### Your goal:
Go through the listing and write out all of it exactly.

### Supplied entries:
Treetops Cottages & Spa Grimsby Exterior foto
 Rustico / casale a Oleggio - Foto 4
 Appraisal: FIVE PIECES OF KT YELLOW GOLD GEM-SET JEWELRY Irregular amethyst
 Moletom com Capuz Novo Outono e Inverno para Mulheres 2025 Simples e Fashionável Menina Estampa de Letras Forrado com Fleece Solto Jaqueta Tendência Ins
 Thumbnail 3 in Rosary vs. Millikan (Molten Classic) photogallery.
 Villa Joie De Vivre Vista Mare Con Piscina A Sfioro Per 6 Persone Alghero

### Finished exercise:
Treetops Cottages & Spa Grimsby Exterior foto
 Rustico / casale a Oleggio - Foto 4
 Appraisal: FIVE PIECES OF KT YELLOW GOLD GEM-SET JEWELRY Irregular amethyst
 Moletom com Capuz Novo Outono e Inverno para Mulheres 2025 Simples e Fashionável Menina Estampa de Letras Forrado com Fleece Solto Jaqueta Tendência Ins
 Thumbnail 3 in Rosary vs. Millikan (Molten Classic) photogallery.
 Villa Joie De Vivre Vista Mare Con Piscina A Sfioro Per 6 Persone Alghero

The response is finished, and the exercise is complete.